* _EXERCISE OBJECTIVE_
Should any entry hold a picture, omit that picture and copy the rest of the entry exactly.

* _TASK DATA_

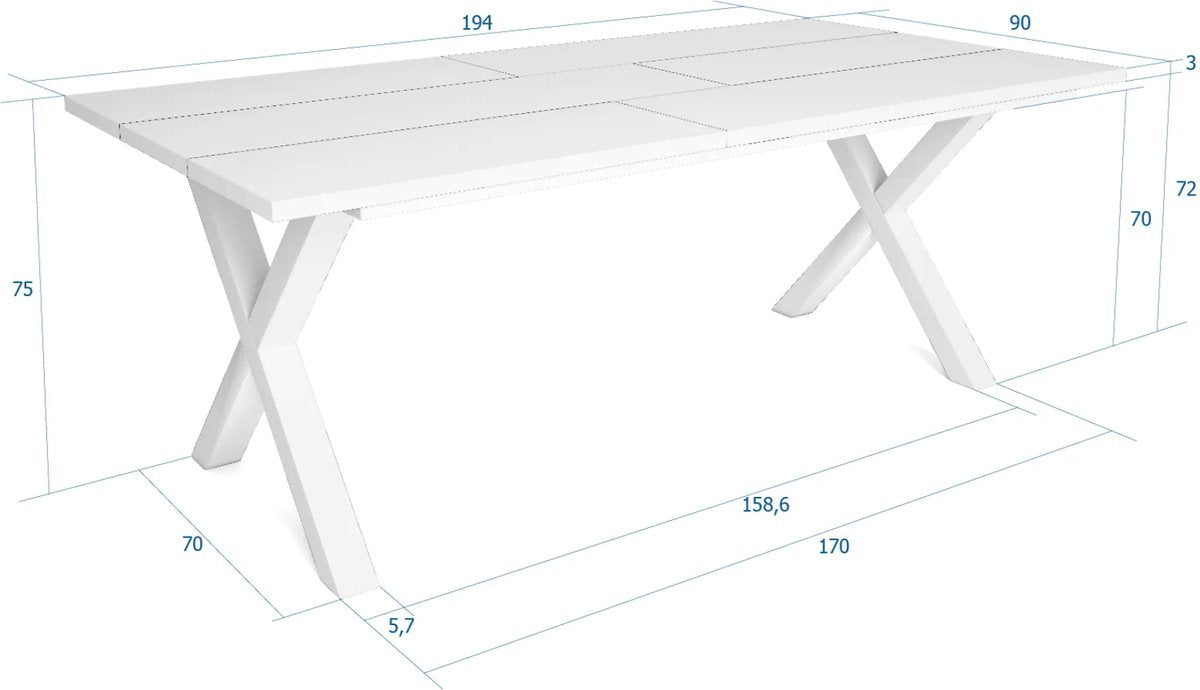 Bolt Edge Eetkamertafel - Rechthoek - 4-8 personen - X poten - Hout - 200x90x75cm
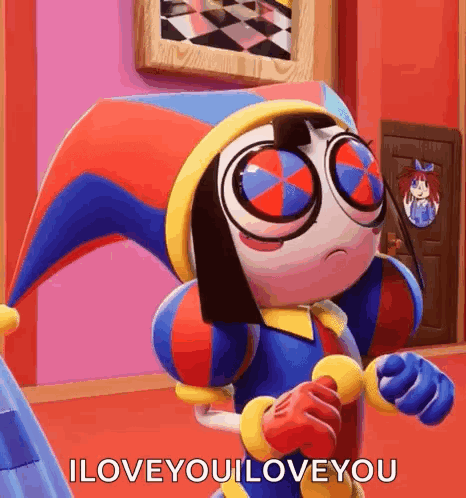 Jester Hat Glasses Character Saying I Love You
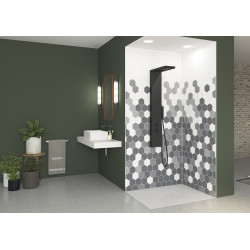 Panneau mural Kinewall Tomette camaïeu gris
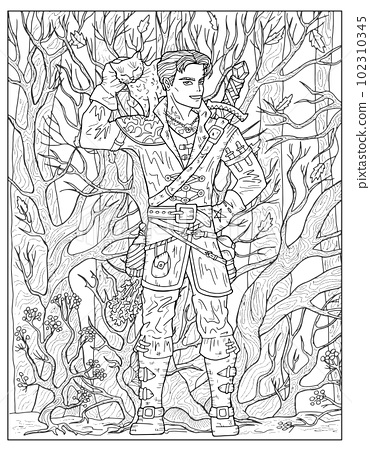 Vintage coloring page with handsome warlock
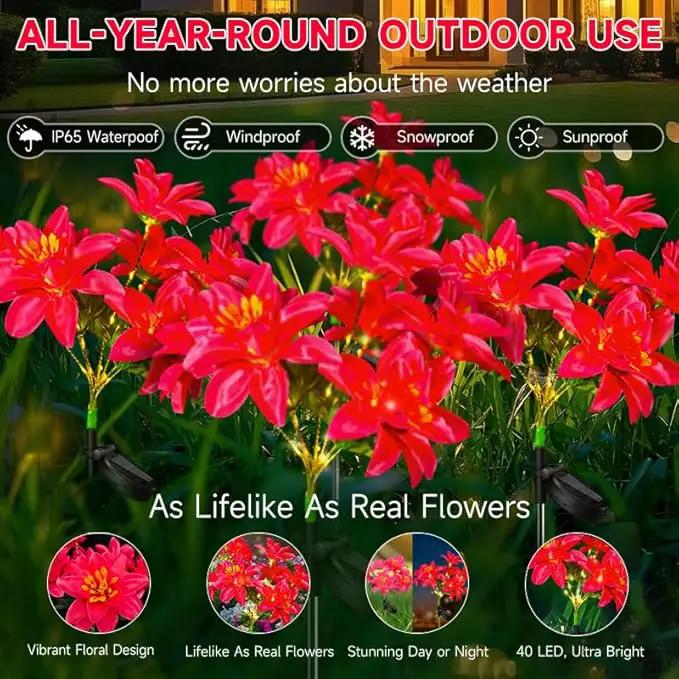 Neporal Solar Flowers Outdoor Waterproof Pink, Decorative Garden Lights Solar Powered Dusk to Dawn, 8-Stem, 2 Lighting Modes Plants Lights for Yard, Backyard, Porch (Modern, 2, Count) by GreenHaven Gardens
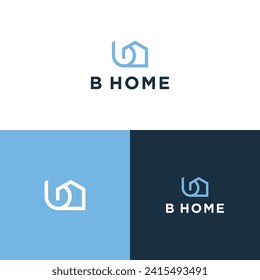 Letra b con plantilla de ilustración de diseño vectorial del logotipo del hogar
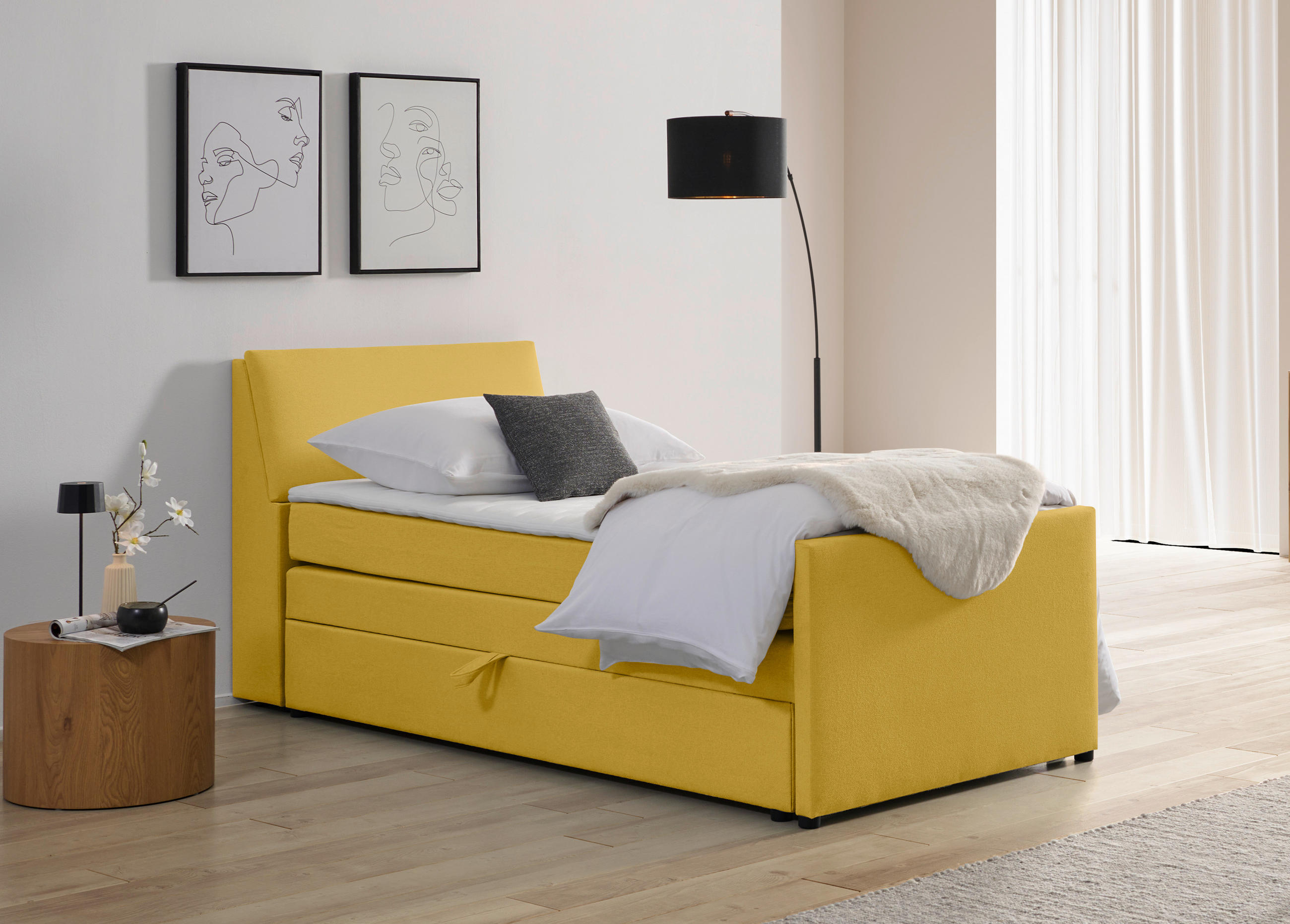BOXSPRINGBETT 100/200 cm  in Gelb  - Gelb/Schwarz, MODERN, Holz/Textil (100/200cm) - MID.YOU
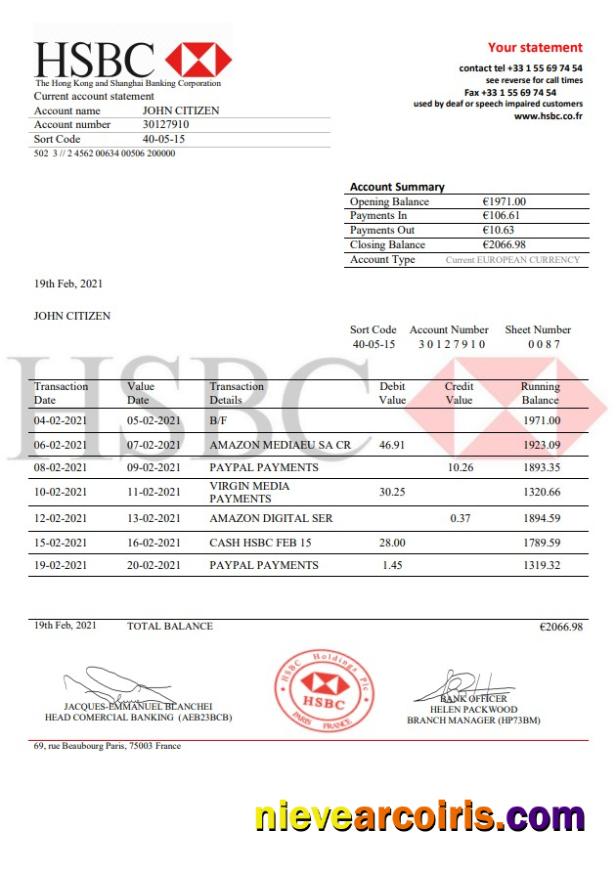 France HSBC bank statement in .doc and .pdf format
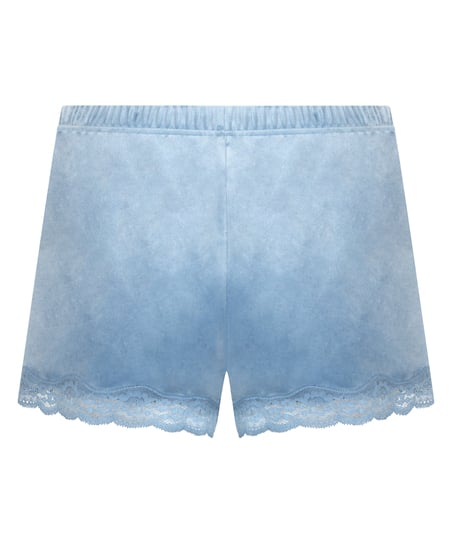 Velvet lace shorts, Blue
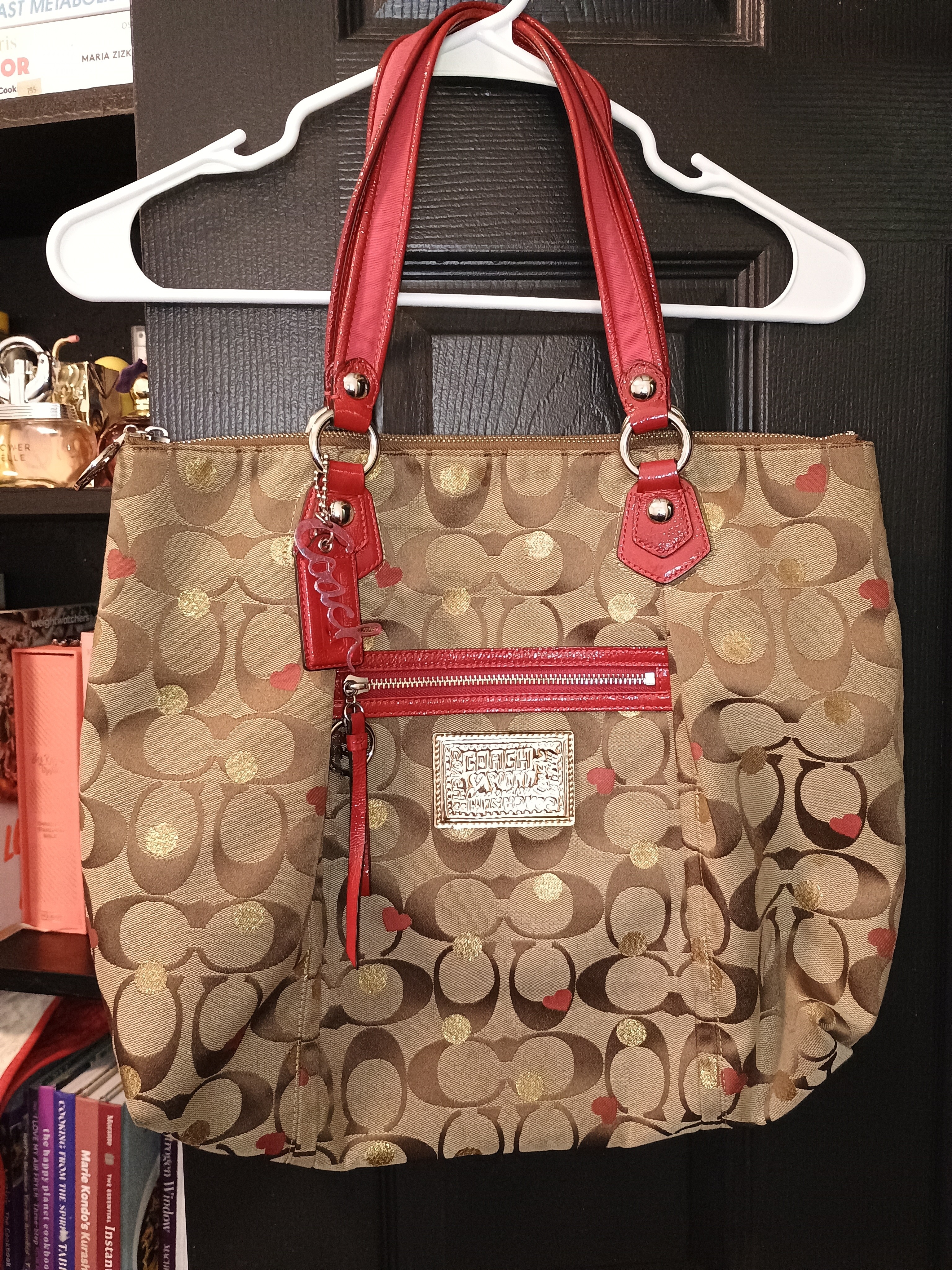 Coach Signature Poppy Shoulder Tote Tan Red Leather Accents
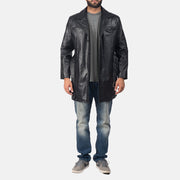 Men's Jordan Schwarz Ledermantel für Herren - Seitenansicht mit ergonomischem Ärmelschnitt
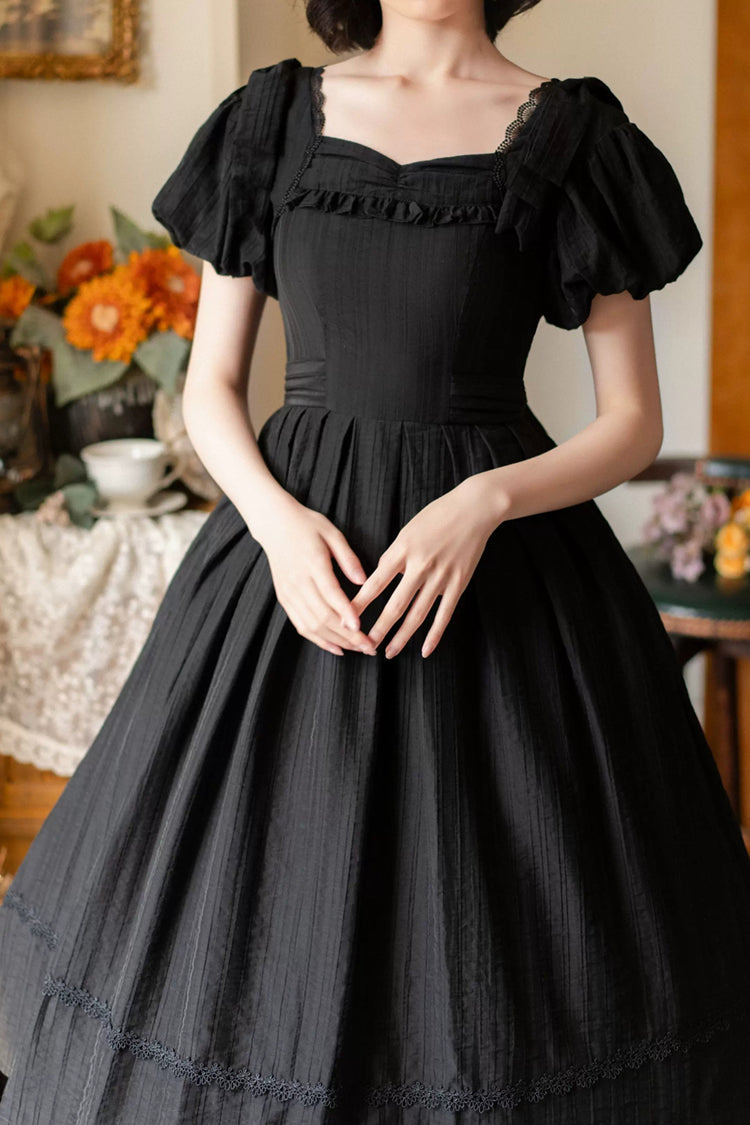 Black [Forest Gallery] Square Collar Short Sleeves Ruffled Bow Classic Vintage Elegant Lolita Dress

* _EXERCISE OUTPUT_
 Bolt Edge Eetkamertafel - Rechthoek - 4-8 personen - X poten - Hout - 200x90x75cm
 Jester Hat Glasses Character Saying I Love You
 Panneau mural Kinewall Tomette camaïeu gris
 Vintage coloring page with handsome warlock
 Neporal Solar Flowers Outdoor Waterproof Pink, Decorative Garden Lights Solar Powered Dusk to Dawn, 8-Stem, 2 Lighting Modes Plants Lights for Yard, Backyard, Porch (Modern, 2, Count) by GreenHaven Gardens
 Letra b con plantilla de ilustración de diseño vectorial del logotipo del hogar
BOXSPRINGBETT 100/200 cm  in Gelb  - Gelb/Schwarz, MODERN, Holz/Textil (100/200cm) - MID.YOU
 France HSBC bank statement in .doc and .pdf format
 Velvet lace shorts, Blue
 Coach Signature Poppy Shoulder Tote Tan Red Leather Accents
 Men's Jordan Schwarz Ledermantel für Herren - Seitenansicht mit ergonomischem Ärmelschnitt
 Black [Forest Gallery] Square Collar Short Sleeves Ruffled Bow Classic Vintage Elegant Lolita Dress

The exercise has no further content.